My score: 4. Good story, but extremely limited and uninteresting setting.


The rotoscoped models are nice, but low resolution.

Sound and Graphics

This game was one of the first to get the rotoscoped style that Delphine Studios would be known for and it uses it fairly well in the introduction scene and the ending. The actual character animations are not bad, but a little too low-resolution, especially when they draw scenes where Raoul needs to walk to the foreground. The rotoscoped characters do not mix especially well with the hand-drawn backgrounds, but that is pretty typical for a game of the era. The character models for the dialog scenes are different from the rotoscoped ones, but they might have benefited from a bit more motion capture as they come off as if everyone is dancing the “robot”. The contrast between the two art styles is never too jarring, but never that well-done either.

The music in this game feels less varied than their previous outings and none of it passes the “hum” test. (That is, I can’t remember any of it a day or two after playing.)

My score: 5. Experimental graphics with forgettable music.
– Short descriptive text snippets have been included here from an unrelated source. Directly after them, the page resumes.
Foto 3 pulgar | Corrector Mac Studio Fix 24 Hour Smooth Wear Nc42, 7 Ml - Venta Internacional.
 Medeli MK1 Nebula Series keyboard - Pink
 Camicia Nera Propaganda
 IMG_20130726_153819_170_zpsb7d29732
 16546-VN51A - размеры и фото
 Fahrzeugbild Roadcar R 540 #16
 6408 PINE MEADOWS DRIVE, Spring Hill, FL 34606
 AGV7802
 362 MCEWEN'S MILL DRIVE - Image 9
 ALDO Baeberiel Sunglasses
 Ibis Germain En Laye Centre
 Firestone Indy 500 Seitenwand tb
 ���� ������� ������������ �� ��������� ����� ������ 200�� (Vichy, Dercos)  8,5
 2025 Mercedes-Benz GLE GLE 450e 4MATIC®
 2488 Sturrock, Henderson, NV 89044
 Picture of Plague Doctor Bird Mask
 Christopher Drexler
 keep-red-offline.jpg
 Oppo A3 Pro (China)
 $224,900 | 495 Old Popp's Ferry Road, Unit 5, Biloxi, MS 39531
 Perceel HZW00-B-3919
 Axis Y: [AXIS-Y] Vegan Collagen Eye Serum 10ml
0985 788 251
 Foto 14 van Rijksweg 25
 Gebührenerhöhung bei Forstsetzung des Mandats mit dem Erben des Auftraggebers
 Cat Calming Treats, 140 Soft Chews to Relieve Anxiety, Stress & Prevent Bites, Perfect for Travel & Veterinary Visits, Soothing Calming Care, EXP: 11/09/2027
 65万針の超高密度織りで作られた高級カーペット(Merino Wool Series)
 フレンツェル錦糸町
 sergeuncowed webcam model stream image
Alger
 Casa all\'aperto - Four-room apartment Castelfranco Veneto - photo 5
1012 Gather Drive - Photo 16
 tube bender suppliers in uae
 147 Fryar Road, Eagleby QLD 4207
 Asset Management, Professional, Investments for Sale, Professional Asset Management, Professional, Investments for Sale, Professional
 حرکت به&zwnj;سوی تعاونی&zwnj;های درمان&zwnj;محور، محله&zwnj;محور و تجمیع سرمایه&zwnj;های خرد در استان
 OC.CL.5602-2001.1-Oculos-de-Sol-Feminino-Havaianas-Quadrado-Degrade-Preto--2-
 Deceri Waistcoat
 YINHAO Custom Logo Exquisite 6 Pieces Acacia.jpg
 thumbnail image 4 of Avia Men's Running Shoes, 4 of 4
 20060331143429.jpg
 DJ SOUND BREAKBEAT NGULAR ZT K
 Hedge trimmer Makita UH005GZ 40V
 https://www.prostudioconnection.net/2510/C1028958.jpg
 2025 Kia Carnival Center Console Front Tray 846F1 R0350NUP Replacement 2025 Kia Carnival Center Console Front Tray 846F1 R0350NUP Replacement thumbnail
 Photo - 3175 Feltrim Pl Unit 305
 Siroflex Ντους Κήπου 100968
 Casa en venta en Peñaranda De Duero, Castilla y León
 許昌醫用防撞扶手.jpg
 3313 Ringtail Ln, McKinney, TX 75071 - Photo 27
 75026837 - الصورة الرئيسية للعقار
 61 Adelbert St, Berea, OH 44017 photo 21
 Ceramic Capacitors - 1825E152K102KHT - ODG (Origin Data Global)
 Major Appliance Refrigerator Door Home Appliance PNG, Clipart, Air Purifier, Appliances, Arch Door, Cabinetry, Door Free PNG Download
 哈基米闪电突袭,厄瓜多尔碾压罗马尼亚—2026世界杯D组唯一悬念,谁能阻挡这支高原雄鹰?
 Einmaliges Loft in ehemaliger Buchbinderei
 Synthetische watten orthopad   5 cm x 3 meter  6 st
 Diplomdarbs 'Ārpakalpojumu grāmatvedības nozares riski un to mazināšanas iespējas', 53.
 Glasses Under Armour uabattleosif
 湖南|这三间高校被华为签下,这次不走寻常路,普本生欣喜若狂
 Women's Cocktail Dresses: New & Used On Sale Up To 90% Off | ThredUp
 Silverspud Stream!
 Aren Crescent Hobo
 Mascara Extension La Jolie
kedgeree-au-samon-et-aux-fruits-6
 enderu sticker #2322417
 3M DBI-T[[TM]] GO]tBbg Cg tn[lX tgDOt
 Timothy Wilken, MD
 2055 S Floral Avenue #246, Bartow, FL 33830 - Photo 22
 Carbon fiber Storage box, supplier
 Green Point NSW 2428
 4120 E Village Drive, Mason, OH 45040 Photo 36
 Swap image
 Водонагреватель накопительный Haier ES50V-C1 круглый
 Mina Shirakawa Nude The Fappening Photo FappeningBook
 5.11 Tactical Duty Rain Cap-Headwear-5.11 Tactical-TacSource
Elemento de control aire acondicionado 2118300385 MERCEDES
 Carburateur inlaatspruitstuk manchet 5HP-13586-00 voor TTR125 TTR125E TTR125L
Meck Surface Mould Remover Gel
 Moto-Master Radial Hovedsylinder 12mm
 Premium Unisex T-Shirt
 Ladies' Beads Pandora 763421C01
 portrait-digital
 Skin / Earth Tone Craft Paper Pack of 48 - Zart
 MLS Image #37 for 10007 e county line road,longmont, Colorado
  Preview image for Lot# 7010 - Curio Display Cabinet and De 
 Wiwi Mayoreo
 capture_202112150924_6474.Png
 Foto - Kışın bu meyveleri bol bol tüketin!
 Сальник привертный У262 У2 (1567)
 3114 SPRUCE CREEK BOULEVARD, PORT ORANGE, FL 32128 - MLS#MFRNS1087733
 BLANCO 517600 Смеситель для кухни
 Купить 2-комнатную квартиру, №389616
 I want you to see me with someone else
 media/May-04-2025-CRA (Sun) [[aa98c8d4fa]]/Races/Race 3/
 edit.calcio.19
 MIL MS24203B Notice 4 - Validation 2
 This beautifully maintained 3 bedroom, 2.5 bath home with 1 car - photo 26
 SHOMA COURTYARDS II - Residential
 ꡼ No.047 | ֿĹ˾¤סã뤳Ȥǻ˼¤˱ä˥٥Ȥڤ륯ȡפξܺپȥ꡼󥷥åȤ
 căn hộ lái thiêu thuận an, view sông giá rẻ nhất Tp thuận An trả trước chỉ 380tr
Seems about right.


Rose, enjoying the sunshine while a murderer prowls the ship.
Environment and Atmosphere

I don’t want to say that the game’s atmosphere “sucks”, but I do not feel that the game’s elements came together all that well. None of the characters react in a realistic way to the fact that a murderer is on board, even as he starts to pick off the passengers. We don’t turn the ship around, Tom still just reads the newspaper in the smoking room, and Father Fabiani calmly eats his breakfast in the dining room. There’s no sense of urgency, made all the worse by the repetitive searching that we have to do to advance every step of the way. A timed murder mystery should have some tension, this game does not.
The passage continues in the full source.